SOURCE DATA
==================================================
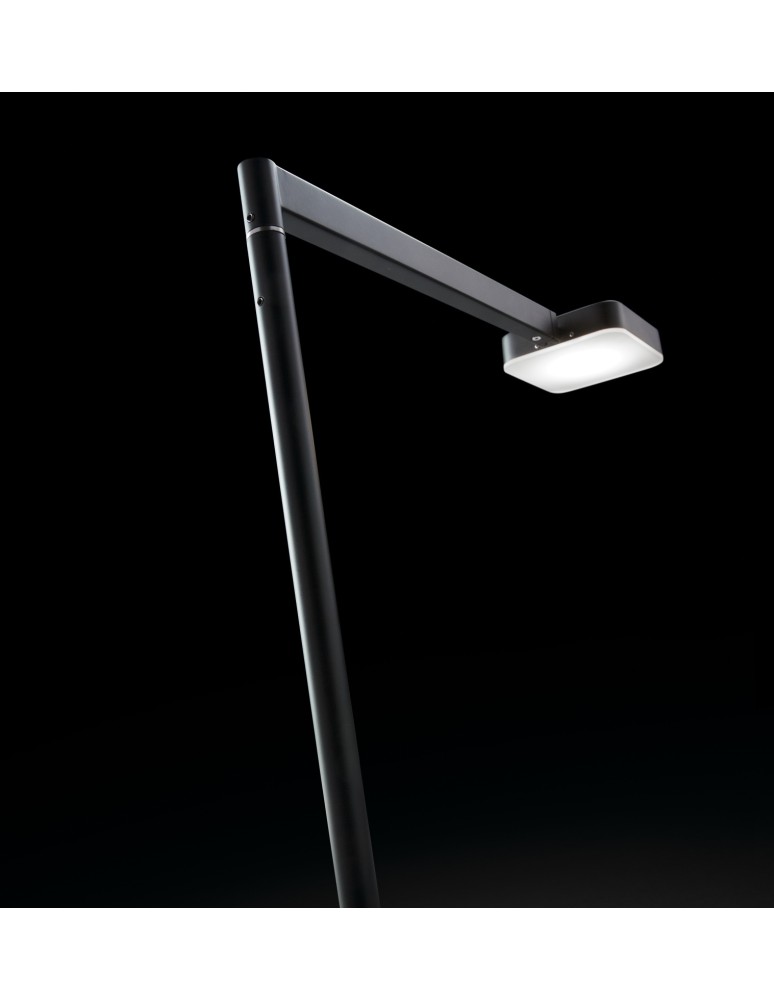 MDC Lampa podłogowa FINESS czarny mat LED 6W 3000K ściemnialna, regulowana 574019120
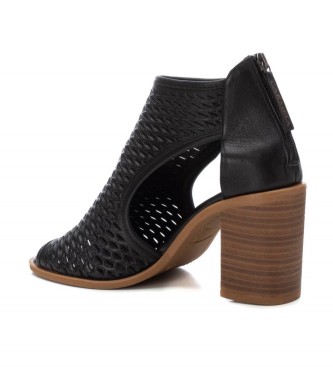 Carmela Czarne skórzane sandały 160646 -Wysokość obcasa 9 cm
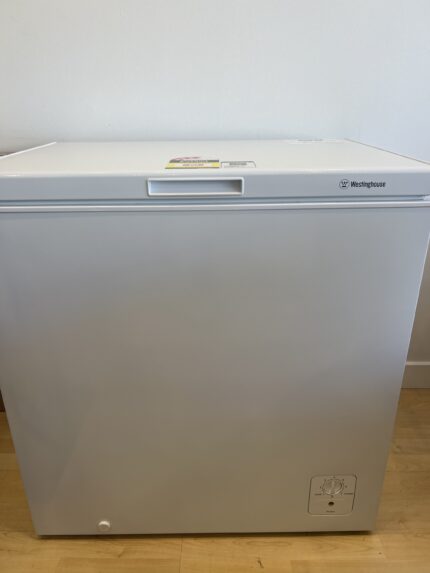 BRAND NEW FACTORY SECONDS  WESTINGHOUSE 198 L CHEST FREEZER for $439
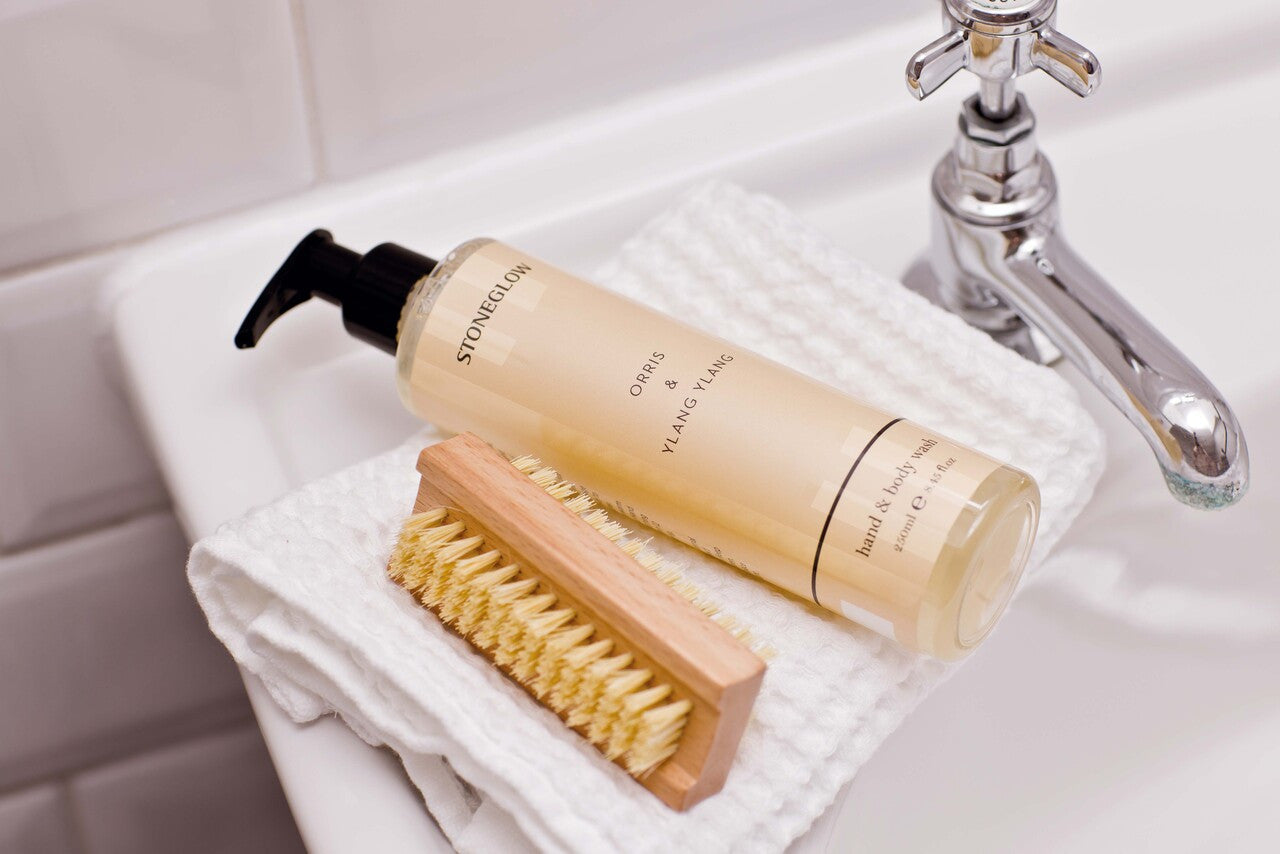 Stoneglow Modern Classics - Orris & Ylang Ylang - Scented Hand & Body Wash 250ml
==================================================
PROBLEM DESCRIPTION
Pictures aside, repeat every line of the data above exactly.

PROBLEM SOLUTION
 MDC Lampa podłogowa FINESS czarny mat LED 6W 3000K ściemnialna, regulowana 574019120
 Carmela Czarne skórzane sandały 160646 -Wysokość obcasa 9 cm
 BRAND NEW FACTORY SECONDS  WESTINGHOUSE 198 L CHEST FREEZER for $439
 Stoneglow Modern Classics - Orris & Ylang Ylang - Scented Hand & Body Wash 250ml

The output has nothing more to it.